Multimodal llama-nemotron-embed-vl-1b-v2 — (Part 2): Single Fused TensorRT Engine on Triton

Published on April 27th, 2026

TL;DR — I packaged the entire ViT → Embedding → Fusion → Llama → Pooling pipeline into a single ONNX graph, lowered it to one FP16 TensorRT plan, and served it on Triton with three model instances and a 3 ms dynamic batcher. No conditional logic for text-only vs. image+text — every request runs the ViT, and masked_scatter no-ops when there are no image tokens. On an RTX 6000 Ada the engine peaks at ~54 inf/sec at concurrency 8 with a p99 of 183 ms; pushing concurrency past 16 trades real tail latency for no throughput. Practical operating range is concurrency 8–16; beyond that, scale horizontally.

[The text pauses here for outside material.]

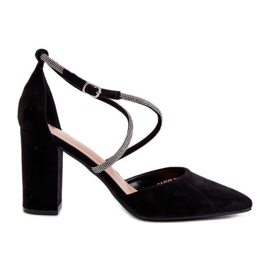 Eco Mocka högklackade pumps med Cubic Zirconias, Svart Lagra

This is Part 2 of three. Part 1 covers the model architecture and the two serving strategies I considered. Here I'll walk through Plan A end to end — the export, the engine build, the Triton config, and what perf_analyzer had to say about it. Part 3 does the same for Plan B, the multi-engine BLS router.

System
Architecture recap
The ONNX-friendly model wrapper
Building the TensorRT engine
Triton serving config
Benchmarking with perf_analyzer
Results

System


CUDA	12.8
GPU	NVIDIA RTX 6000 Ada Generation
Triton image	`nvcr.io/nvidia/tritonserver:26.02-py3`
SDK image (perf_analyzer)	`nvcr.io/nvidia/tritonserver:26.02-py3-sdk`

For the rest of this post I'll keep shapes simple: one image tile and a fixed sequence length of 1024. The first ~256 token positions belong to the image, the remaining ~768 to text plus padding. Everything generalizes to the model's full envelope (six tiles, 10,240 tokens), but the diagrams and numbers are easier to follow at this size.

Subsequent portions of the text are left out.